Dhoni came to life with a six off the first ball of the penultimate over as he brought up his 50, but a phenomenal piece of fielding from Martin Guptill had him run out next ball and Bhuvneshwar Kumar was clean bowled soon after to end all hopes of an India triumph.

That was confirmed when Yuzvendra Chahal fell with three balls to spare, completing a remarkable victory for the underdogs, who qualified in fourth spot.

KIWIS WEATHER THE STORM

When this match was brought to a halt by adverse weather on Tuesday, India appeared firm favourites.

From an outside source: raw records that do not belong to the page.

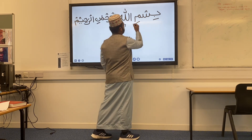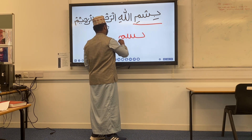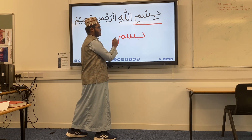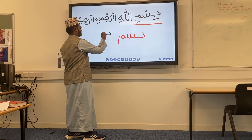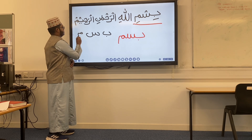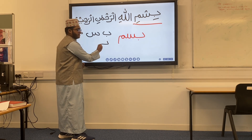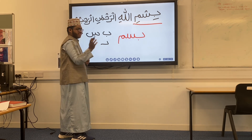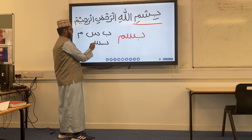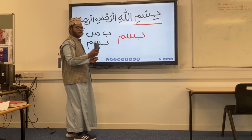Let's look at this first part — Bism. We have the letter Ba, the letter Seen, and the letter Meem. If we write them separately, we've got Ba, Seen, and Meem. Now when we put them together — if you've seen our lesson on joining letters, that would be useful — Ba joins into Seen like this, and because Seen isn't at the end it won't have a tail, then it joins into Meem like that. That wasn't a very good 'Bism' but we'll do it again.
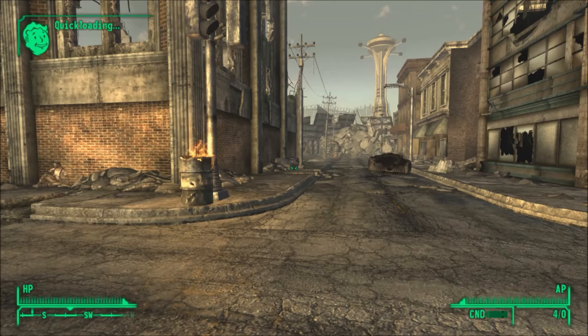Hey, what is up guys? SeriousGameplays here and welcome back to another one of my videos, where today I am showing you my Fallout New Vegas mods that I have installed.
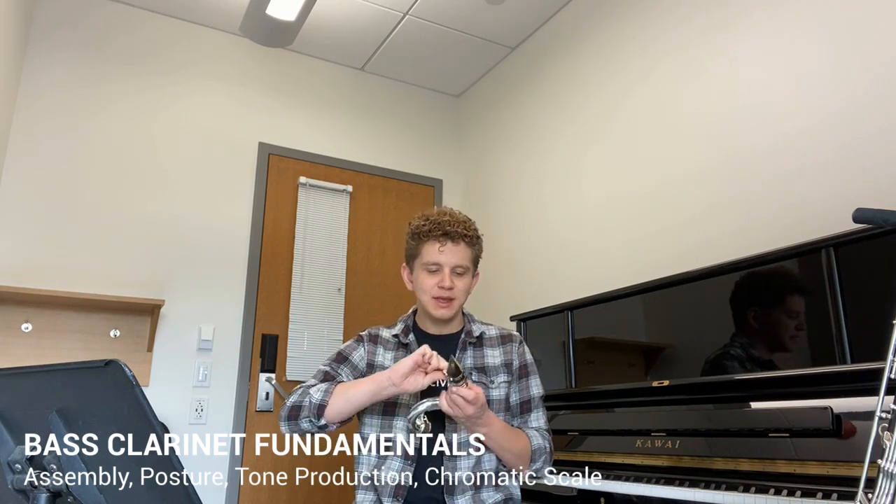Now that you have the top part ready, go ahead and try to make some sounds out of it. It's a similar embouchure to the clarinet, but will likely be looser and wider. So don't be afraid if it takes you a couple of times to get a sound out.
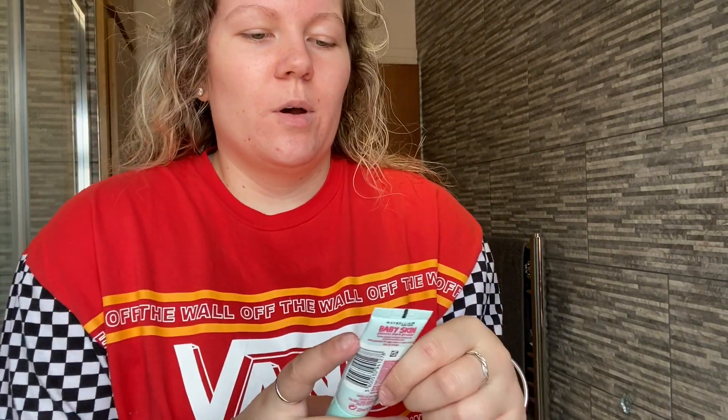Hi guys, welcome to my channel. This is my very first YouTube video and today I'm going to be doing a drugstore get ready with me, just using the makeup bits I have and doing my makeup. Please stick around, comment below what you would like to see next, subscribe and give it a big thumbs up. Let's get into the video.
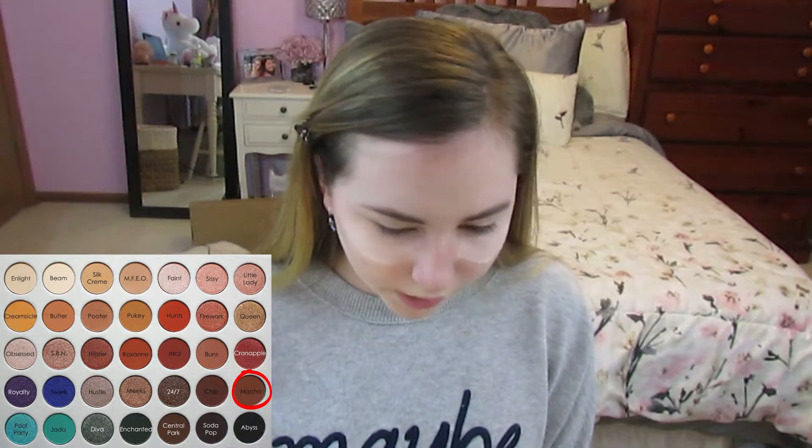Okay guys, now we're moving on to eyes. I'm going to be taking out my Jaclyn Hill Morphe palette. The first color I'm going to be using is this like darkish lightish brown, if that makes any sense, and we're just going to be putting that on our face.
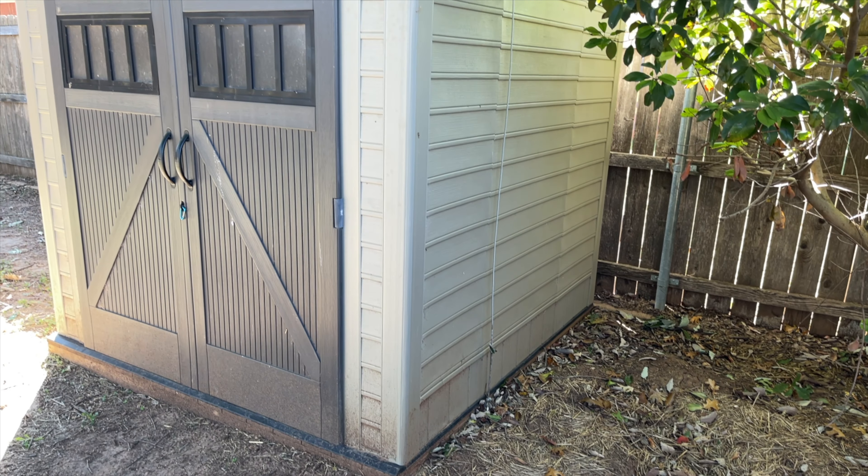Hey there, welcome to Get Your Flight. I'm Joshua and today I want to talk to you about plastic sheds — how to fix them when they're broken and a good long-term solution that's inexpensive to repair some cracked panels.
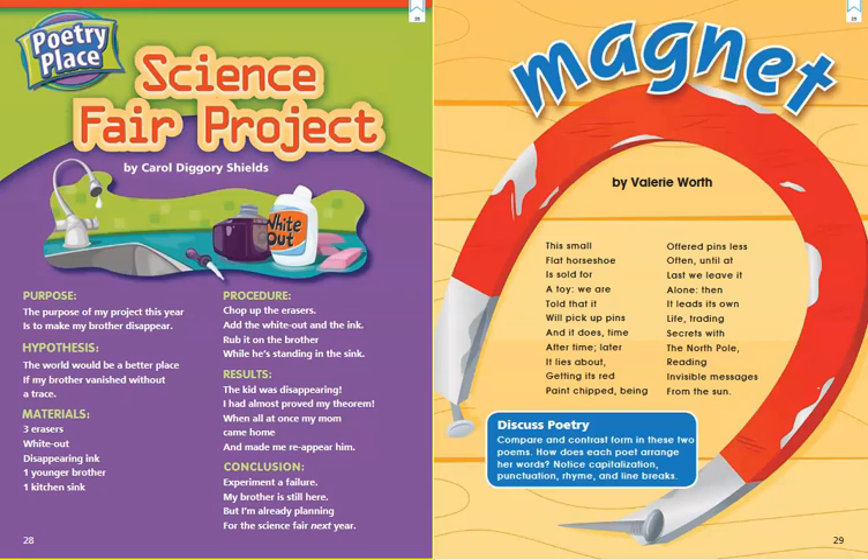Our next poem is called Magnet by Valerie Worth. This small flat horseshoe is sold for a toy. We are told that it will pick up pins, and it does, time after time. Later it lies about, getting its red paint chipped, being offered pins less often, until at last we leave it alone. Then it leads its own life, trading secrets with the North Pole, reading invisible messages from the sun.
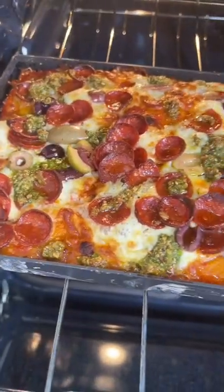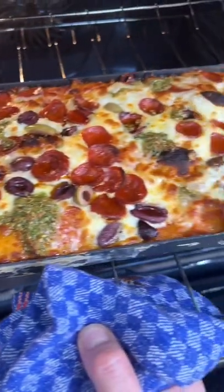This dough is super easy to make, fermented for 48 hours, and I'll pin it in the comments below so you can make this at home.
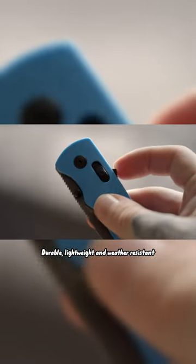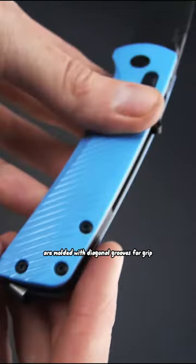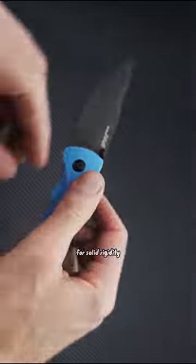Durable, lightweight and weather resistant, the ergonomic GRN handle scales are molded with diagonal grooves for grip and supported by stainless steel liners for solid rigidity.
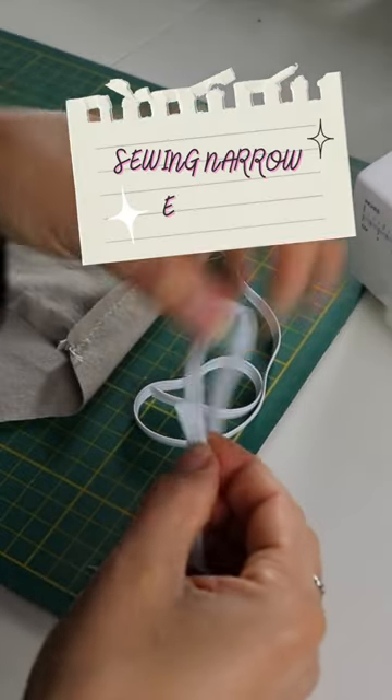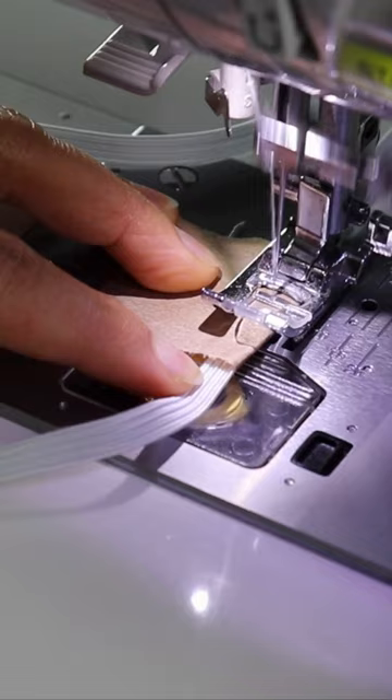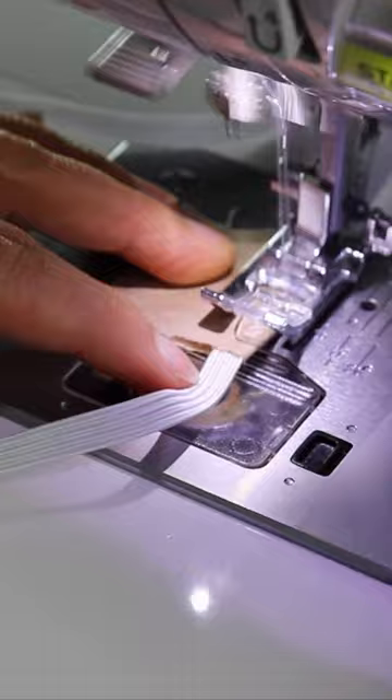I'm going to overlap these half an inch and then use this piece of packing paper, wrap it around, clip it in place, back stitch, and then just rip this off like nobody's business. Need some trimming and we got it. Very secure.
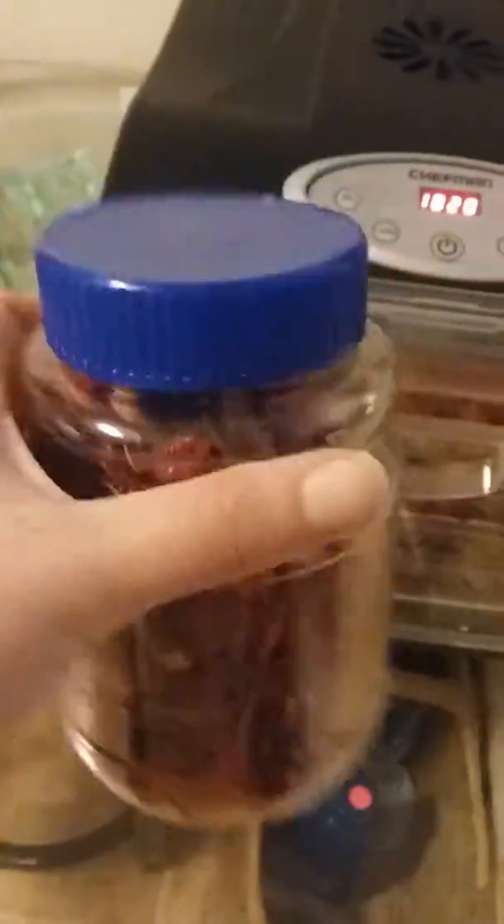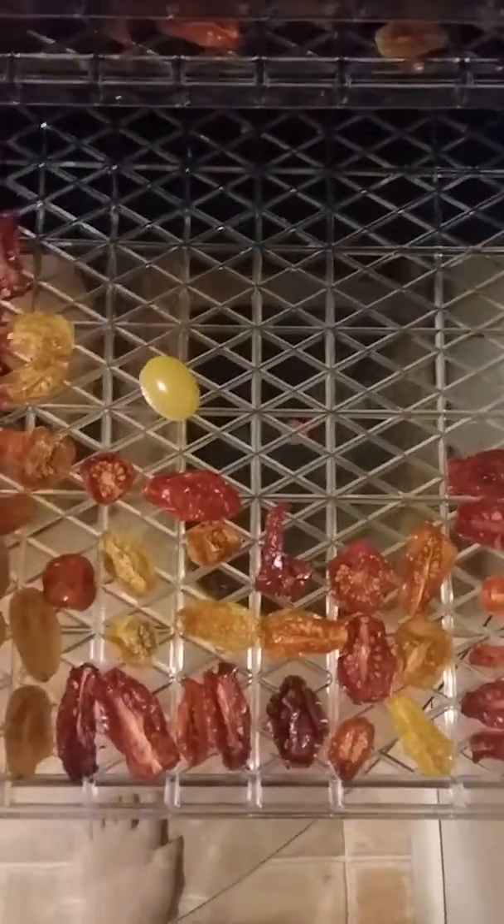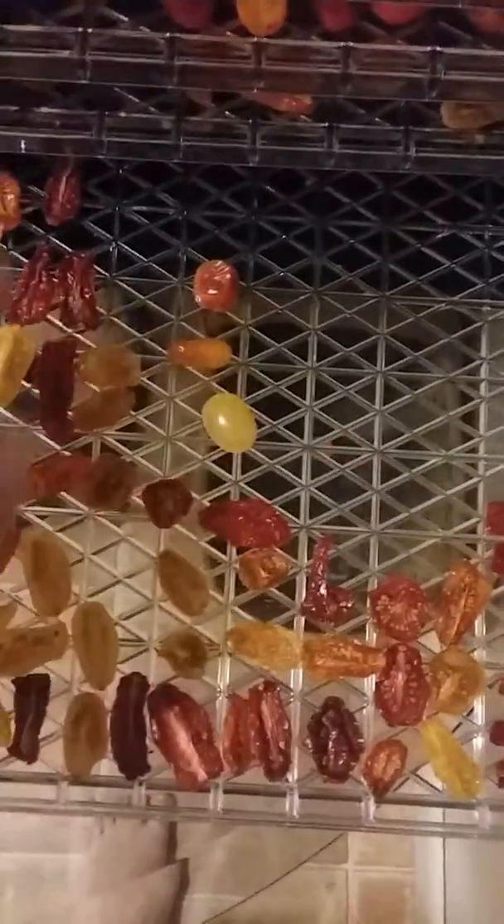I want to show you my tomatoes. This is what I pulled off the bottom tray — well, not the bottom trays, I still have stuff on the bottom trays that are drying. These are the ones that weren't dry yet. I don't know how this one snuck in there, but obviously these round ones that aren't cut open aren't doing so well. I would say definitely cut them in half. These are all still going and still drying from this batch.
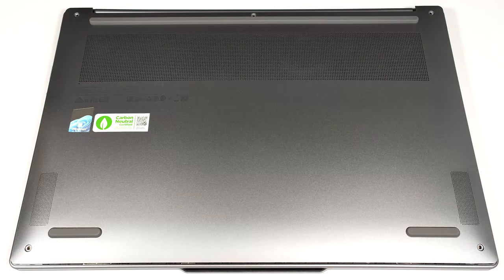Hello, this is Nick from Laptop Media and today we will show you how to open the Gen 9 version of the Lenovo Yoga Slim 7 Aura Edition 15 ILL 9.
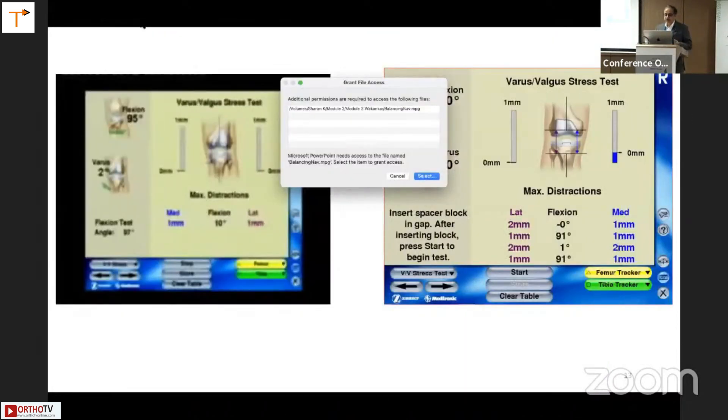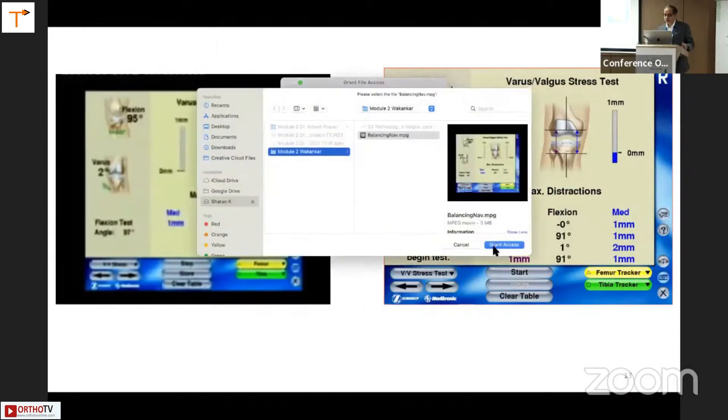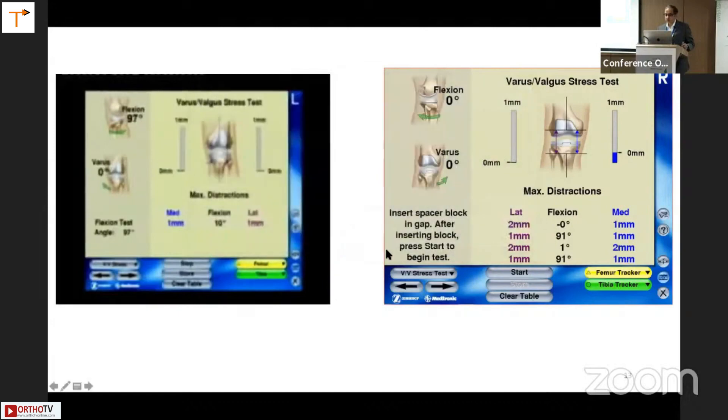On the screen for medial-lateral balancing, this gives a dynamic picture at each degree of flexion. This is the final screen — stressing medially and laterally in varus and valgus — showing what kind of laxity I have. For example, at zero degrees it shows two millimeter laxity laterally and one millimeter medially. This open platform navigation gave all that information and was immensely useful when managing these deformities.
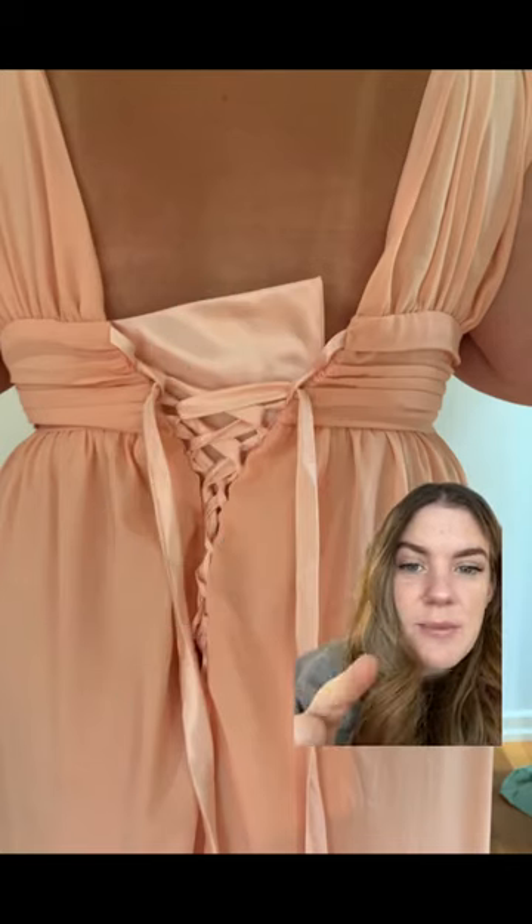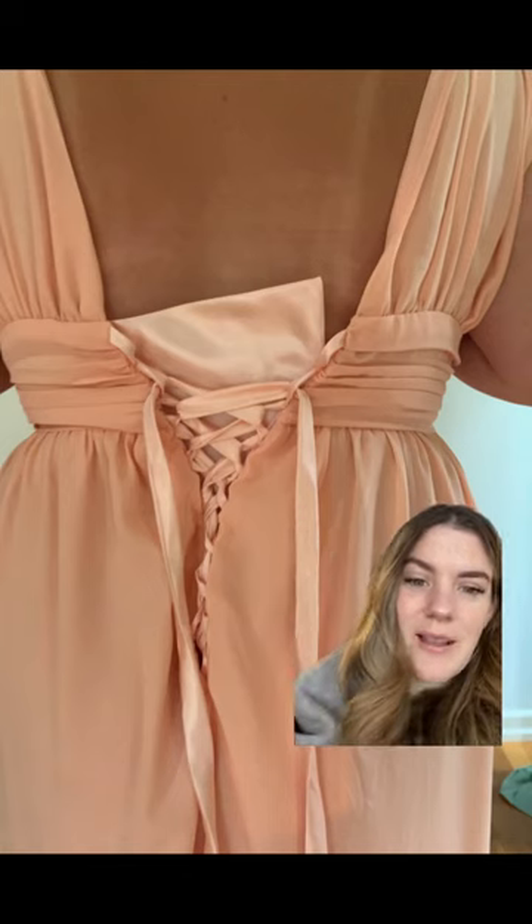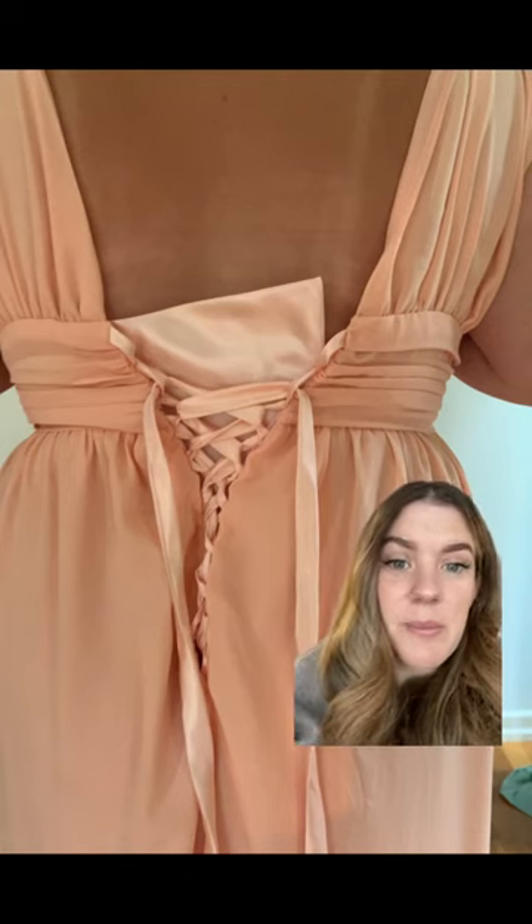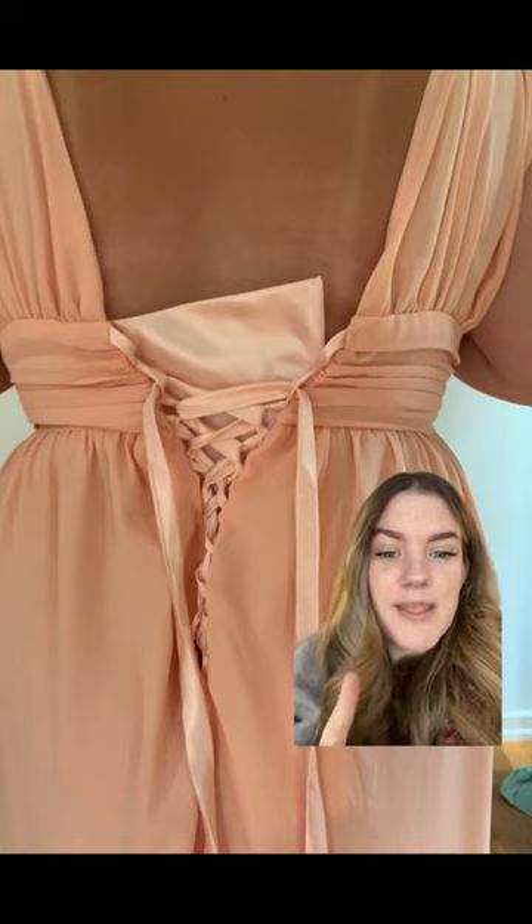Here's the other bridesmaid — similar problem, it didn't fit. The seamstress added a laced panel, which I think would have been fine if it was just for the top with a zipper at the bottom, but she did it all the way down, so it really laid awkwardly. I ended up taking that entirely out, putting a zipper back in, and then doing the same fix — adding in a little side panel.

Even amid the possibility of chasing a revised target in a 20-over innings, they looked destined for a spot in the World Cup final.

New Zealand, though, clearly used the rain delay – which ultimately ended play for the day – to regroup and ready themselves for a fightback.

After finishing off their own 50 overs with a flourish, albeit at a cost of a few wickets, the way their attack set about getting stuck into India was bold, brave and fully deserving of the rewards it brought.

JADEJA THE UNLUCKY LOSER

He was excellent in the field – the catch to claim the wicket of Tom Latham was sublime – but it was with the bat that Jadeja really caught the eye.

On a pitch where India's leading batsmen struggled to make runs, Jadeja was aggressive and positive from the outset.

He took the weight of India's dire situation on his shoulders and very nearly led a one-man rescue mission.

Had he received any kind of meaningful and long-lasting support, it may well have been a very different outcome.